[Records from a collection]
Segment Open

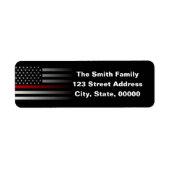 Vlag met dun rode lijn etiket (Voorkant)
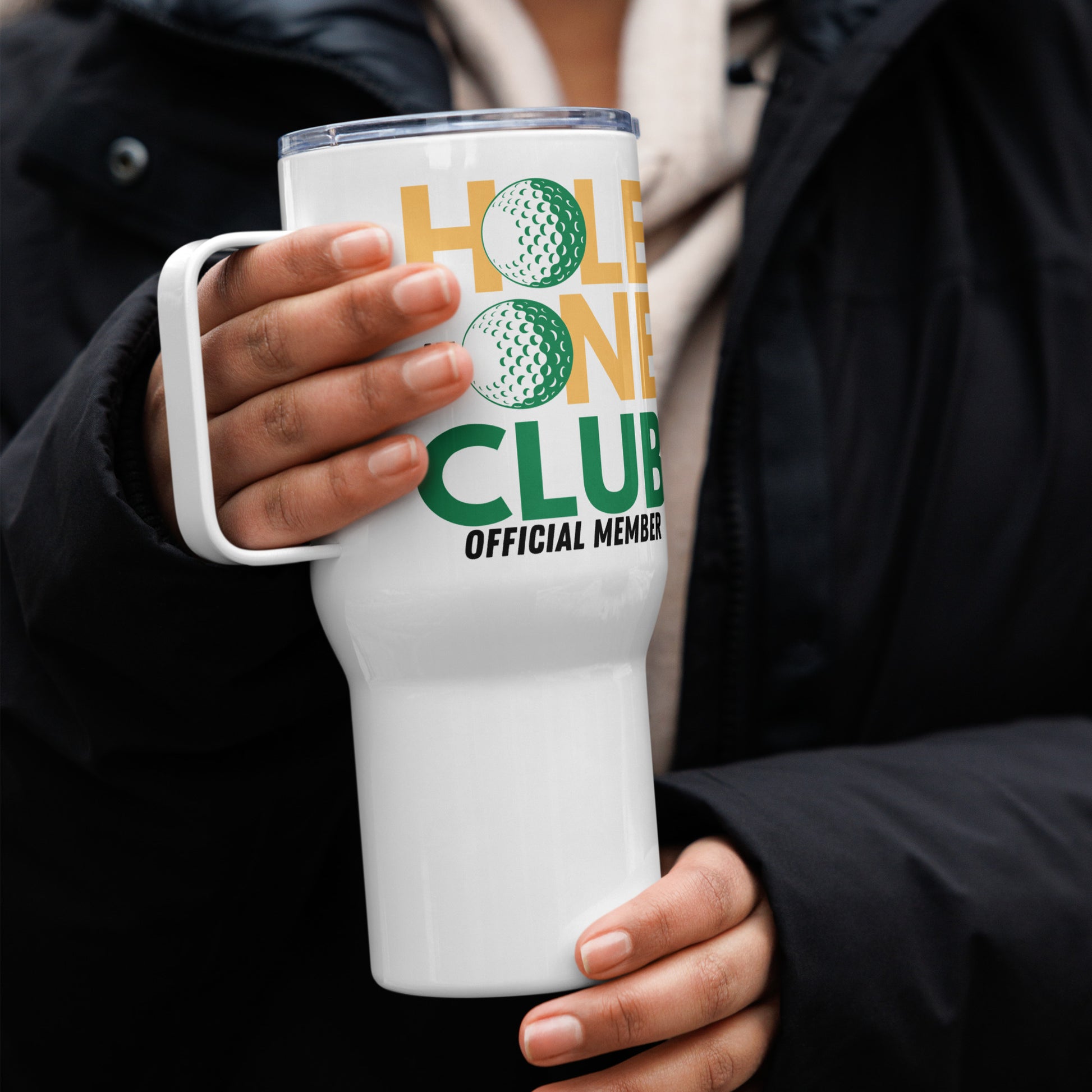 Insulated mug honoring elite golfers with stylish flair
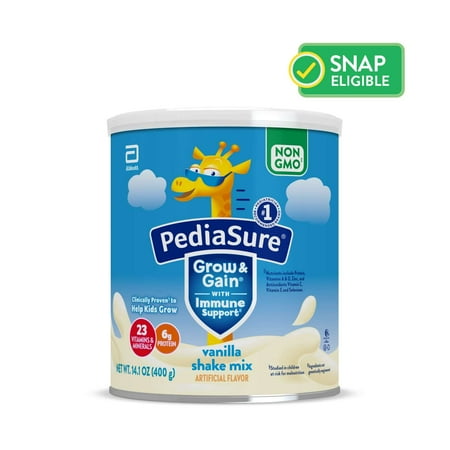 PediaSure Grow & Gain Shake Mix Powder, Vanilla, 14.1 oz Can, 8 Servings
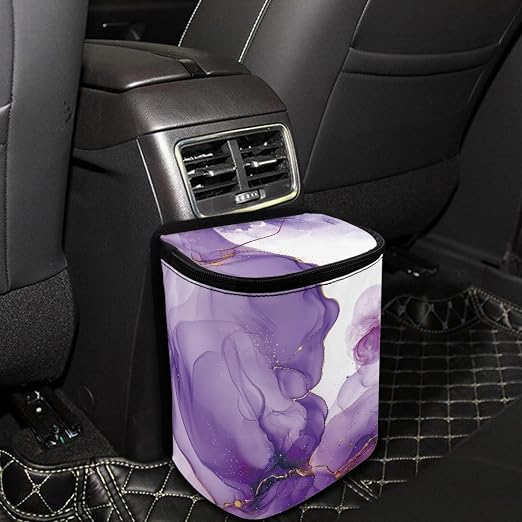 Purple Marble Butterfly Print Car Trash Can with Lid, Leak Proof Auto Trash Bag Hanging Vehicle Garbage Can Multipurpose Storage Container for Back Seat Road Trip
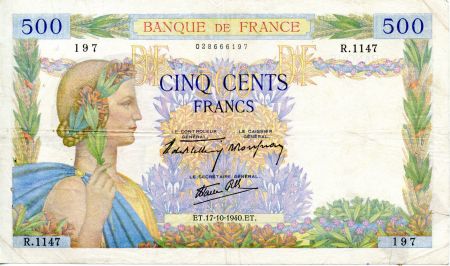 France 500 Francs La Paix - 17-10-1940 - Série R.1147 - TB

Segment Closed

**WORK TASK**
Could you set down every entry above exactly as it stands, with no images?

**WRITTEN RESPONSE**
 Vlag met dun rode lijn etiket (Voorkant)
 Insulated mug honoring elite golfers with stylish flair
 PediaSure Grow & Gain Shake Mix Powder, Vanilla, 14.1 oz Can, 8 Servings
 Purple Marble Butterfly Print Car Trash Can with Lid, Leak Proof Auto Trash Bag Hanging Vehicle Garbage Can Multipurpose Storage Container for Back Seat Road Trip
 France 500 Francs La Paix - 17-10-1940 - Série R.1147 - TB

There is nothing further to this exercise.